There, we urged you to sell the CPRT August 18th 90/95 CALL spread for $1.75 and buy the CPRT August 18th 85/75 PUT spread for $1.85. Total debit was $0.10.
Today, CPRT opens trading at $85.99. And with more downward momentum expected at the open, we say leave her be. We either lose our initial dime, or we make something much bigger.
XPO is up next; the trade that was featured May 24th in XPO Runs Out of Gas.
The bet was to sell the XPO August 18th 47.50/52.50 CALL spread for $1.65 and buy the XPO August 18th 45/40 PUT spread for $1.65. Zero Premium was the result.

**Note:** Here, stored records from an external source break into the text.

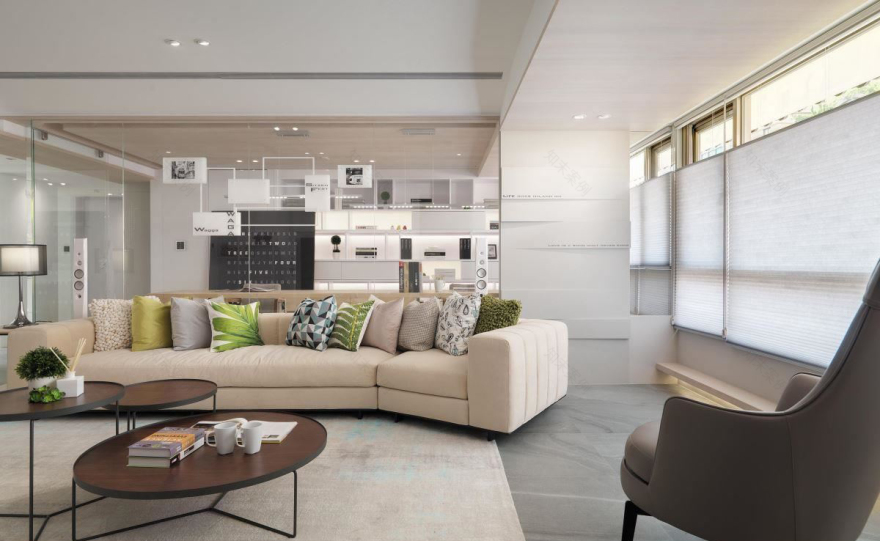 116㎡现代风格住宅 演拓空间设计-15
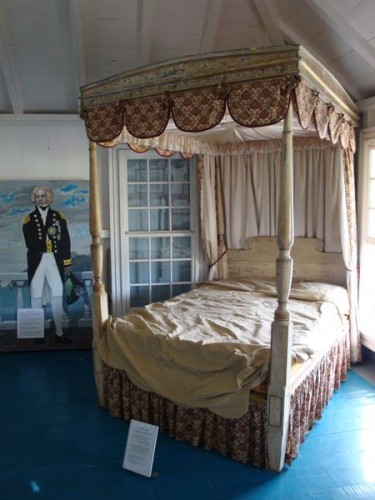 Nelsonova ložnice - Antigua, Karibik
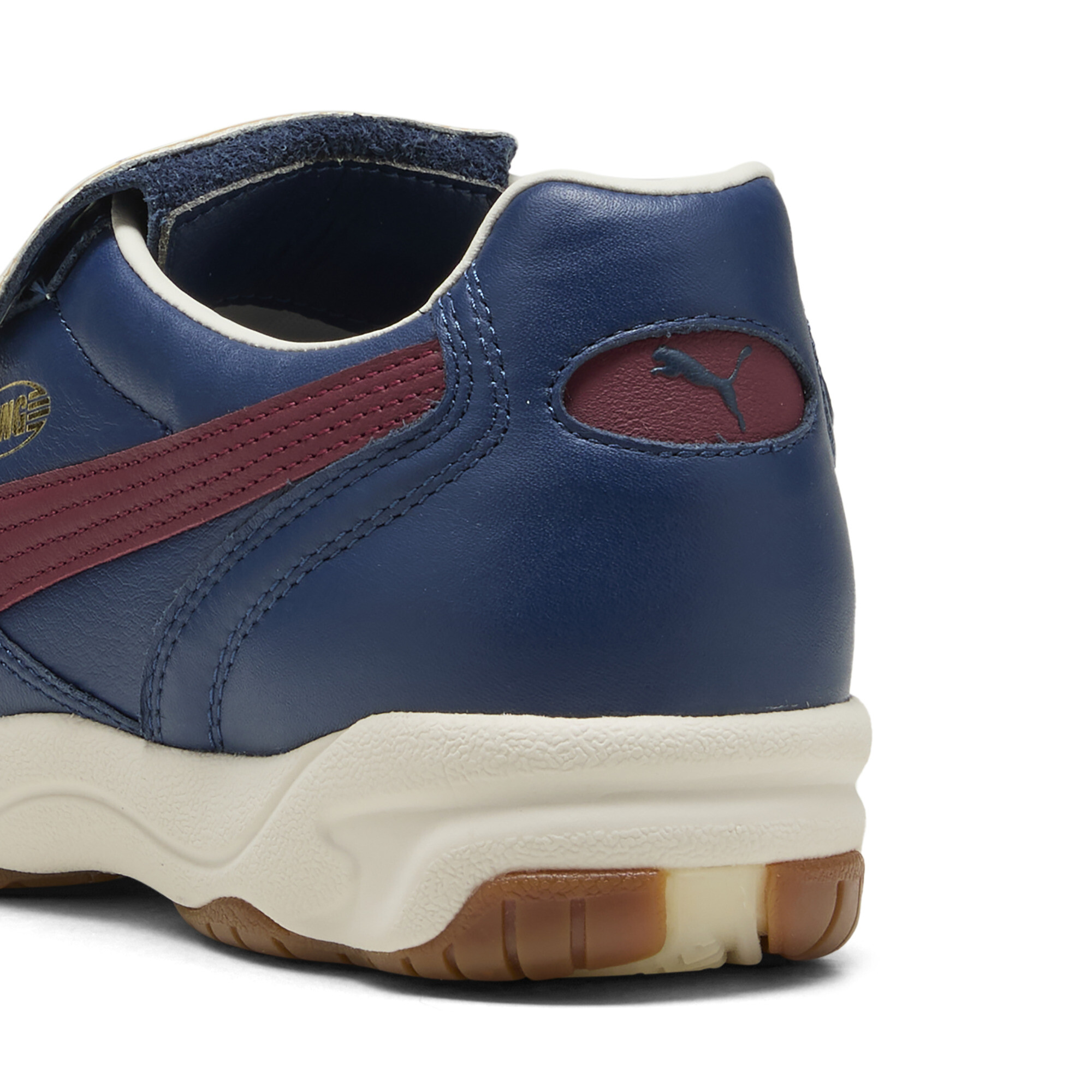 PUMA King Indoor sneakers unisex, Blauw/Rood, Maat 41 thumbnail 5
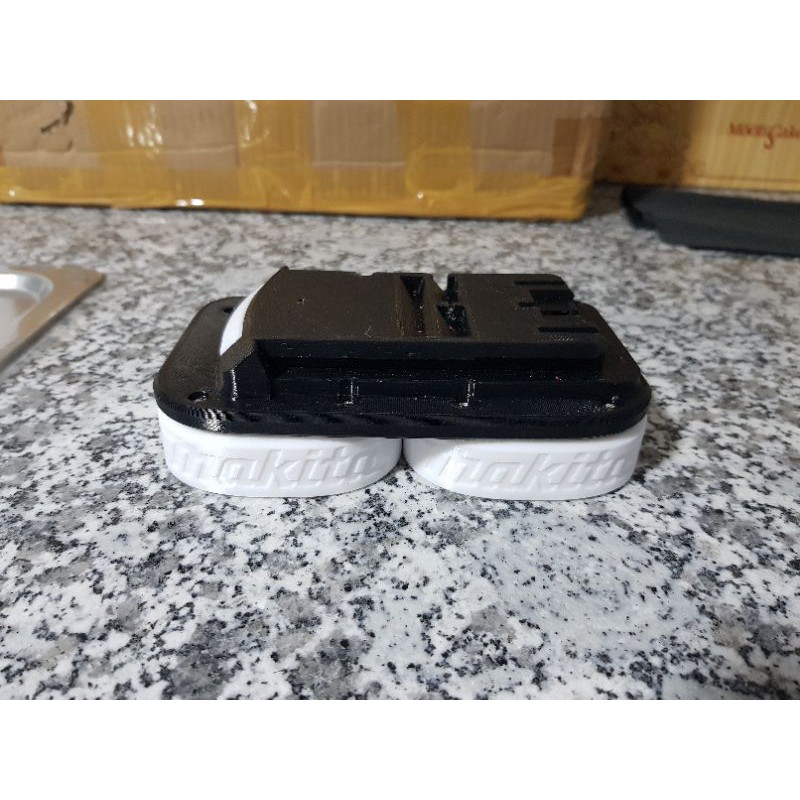 Đế chuyển pin Makita trượt cho máy BOSCH 36v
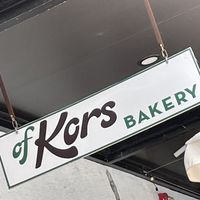 Oat, Almond, & Coconut milks available  at OfKors Bakery in Sarasota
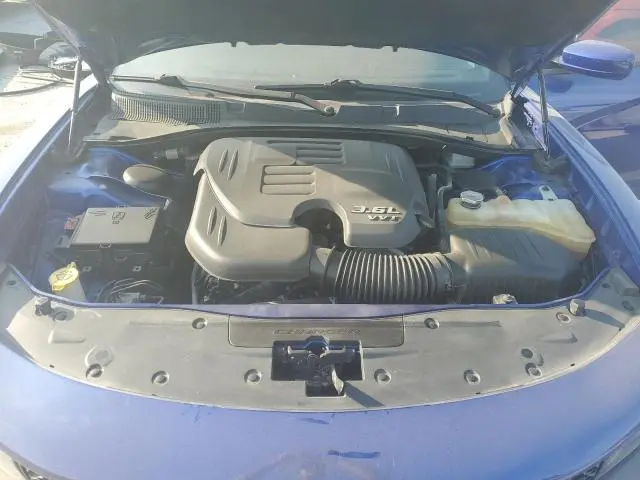 2018 DODGE CHARGER SXT PLUS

We’re going to be on the hook for the full value of the CALL spread at the close, so we’ve got to act.
We’re setting the XPO November 17th 67.50 synthetic short* for a credit of $2.70 (7.70/5.00).
That’ll reduce our debit to $2.30 and give us 90 days to capitalize on XPO weakness.
Finally, we arrive at our CXM trade, whose details can be found HERE.
In brief, we’ve got a credit of $0.21 and we’re holding the 7.50 synthetic short that expires tonight.
All things being equal, it appears we’ll be in the red at the close unless we move.
So we are.
Buy back the short CALL for $6.45 and reset the February 16th 7.50 synthetic short* for a credit of $6.25 (6.50/0.25).
That gives us a credit of a penny and half a year to profit from CXM weakness.